_Exercise instructions:_
Find the line below that contains "8860 PEMBERTON Park". Transcribe it and every line after it exactly, adding nothing.

====

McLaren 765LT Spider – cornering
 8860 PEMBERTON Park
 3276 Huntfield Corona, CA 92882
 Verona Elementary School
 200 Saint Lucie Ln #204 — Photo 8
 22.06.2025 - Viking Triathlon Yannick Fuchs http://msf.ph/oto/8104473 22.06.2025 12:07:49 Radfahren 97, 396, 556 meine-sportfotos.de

====

_The answer:_
 8860 PEMBERTON Park
 3276 Huntfield Corona, CA 92882
 Verona Elementary School
 200 Saint Lucie Ln #204 — Photo 8
 22.06.2025 - Viking Triathlon Yannick Fuchs http://msf.ph/oto/8104473 22.06.2025 12:07:49 Radfahren 97, 396, 556 meine-sportfotos.de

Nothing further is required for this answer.